9. Another facet of the argument is liability with respect to labourers more than six in number carried by the vehicle. This contention is also covered by Apex Court decision in B.V. Nagaraju v. Oriental Insurance Co. Ltd. 1996 ACJ 1178 (SC), therefore, appellant cannot escape its responsibility on this aspect of the matter also.

10. After deciding the main questions, we turn to examine whether just compensation has been awarded to the claimants in these cases:

(a) M.A. Nos. 464, 466 and 467 of 1997:
In these cases, Preetam (24), Arjun (18) and Tijau Ram (25) died in the accident. Each of them was earning Rs. 20 per day. Dependency has been claimed at Rs. 15 per day which comes to Rs. 450 per month and annually Rs. 5,400. Proper multiplier in these cases should be 18. Thus, calculated, for the death of Preetam, claimants are entitled for Rs. 97,200 (Rs. 450 x 12 x 18) and Rs. 2,000 towards funeral expenses, taking the amount of compensation to the total of Rs. 99,200 (rupees ninety-nine thousand two hundred). For the death of Arjun, claimants are entitled to compensation of Rs. 97,200 plus Rs. 2,000 towards the funeral expenses taking the total to Rs. 99,200 (rupees ninety-nine thousand two hundred) and for the death of Tijau Ram, claimants would be entitled to compensation of Rs. 97,200 plus Rs. 5,000 towards consortium and Rs. 2,000 towards funeral expenses, totalling to Rs. 1,04,200 (rupees one lakh four thousand two hundred). The compensation awarded will carry interest at the rates allowed by the Tribunal. In each of the three cases, the claimants shall also be entitled to costs of Rs. 2,000 (rupees two thousand).
(b) M.A. No. 463 of 1997:
Kunj Bihari suffered fracture and dislocation of right shoulder resulting in permanent disablement to the extent of 40 per cent. He has been awarded compensation of Rs. 17,000. We think the award is on the lower side.
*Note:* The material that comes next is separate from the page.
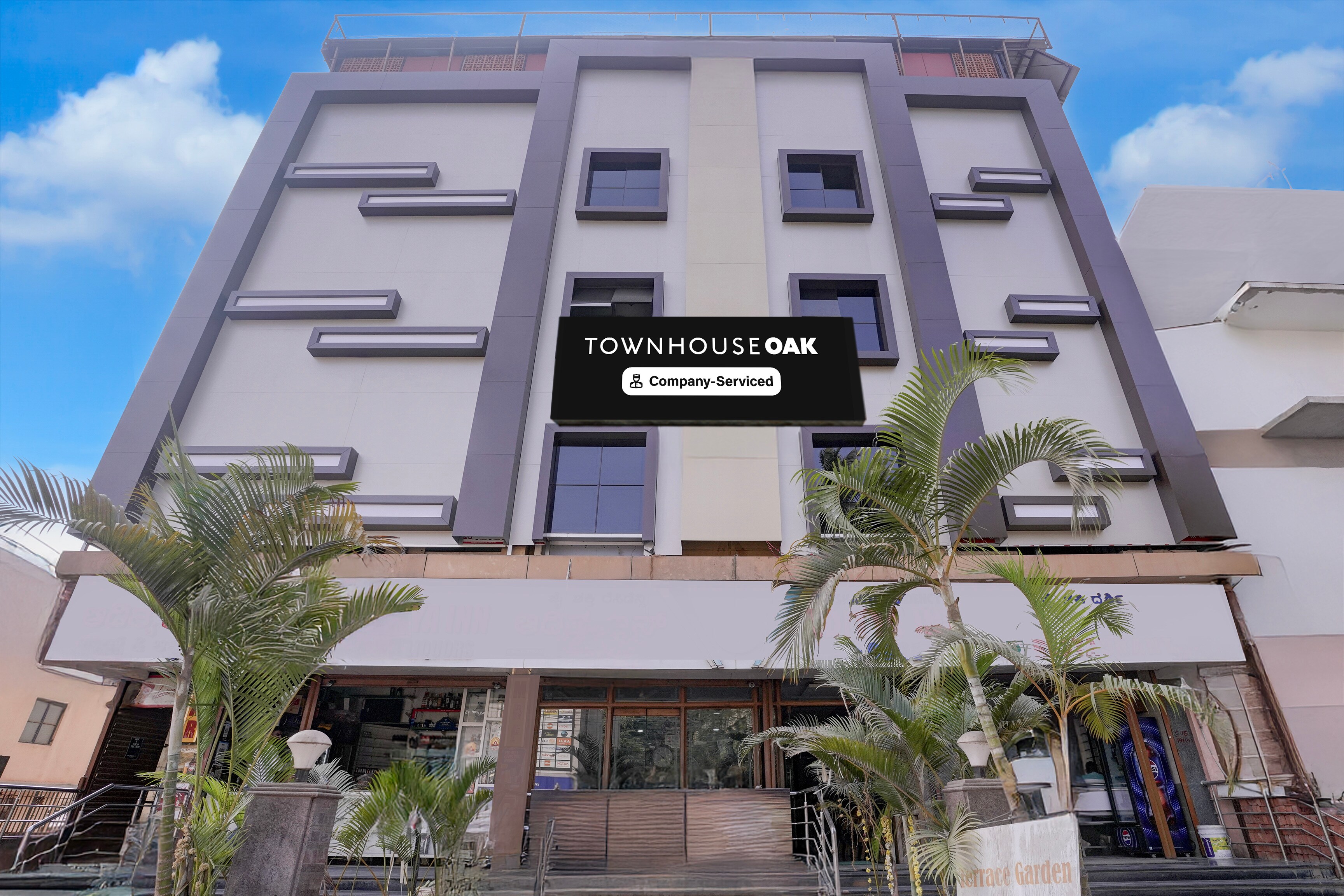 Super Townhouse Oak Dharwad New Bus Terminal Formerly Hotel Aditya Inn - Tap to explore photos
It does not take into consideration the extent of injuries suffered by the claimant, pain and suffering undergone by him during the time he received medical treatment for about one year. It is, therefore, desirable that for disablement to the extent of 40 per cent, the claimant should be awarded Rs. 40,000 and Rs. 5,000 towards medical expenditure. We maintain the amount of Rs. 5,400 paid by the Tribunal towards loss of earnings for the period the claimant was confined to bed. The total amount of compensation payable to the claimant Kunj Bihari comes to Rs. 50,400 (rupees fifty thousand four hundred) carrying interest at the rates allowed by the Tribunal with costs of Rs. 2,000.
(c) M.A. No. 465 of 1997:
We have examined the matter with respect to assessment of compensation made by the Tribunal in the context of injuries suffered by the claimant. He had lost five teeth, though claimant had claimed loss of six teeth. We find that the compensation assessed by the Tribunal to the extent of Rs. 57,000 is quite just calling for no interference by the court. Insurance company should not have filed appeal in this case. We, therefore, award costs of Rs. 2,000 to the claimant.
(d) M.A. No. 462 of 1997:
Disablement of the claimant Kans Ram in this case is to the extent of 75 per cent. His two fingers were amputated completely while the third was amputated partially. We feel the award of Rs. 42,000 towards compensation in this case deserves to be enhanced by a sum of Rs. 10,000 over and above the amount allowed by the Tribunal taking the amount of compensation to the total of Rs. 52,000 (rupees fifty-two thousand).

11. Consequently, the appeals filed by the insurance company are dismissed with costs of Rs. 2,000 in each case and the cross-objections filed by the claimants are allowed to the extent above stated except in M.A. No. 465 of 1997.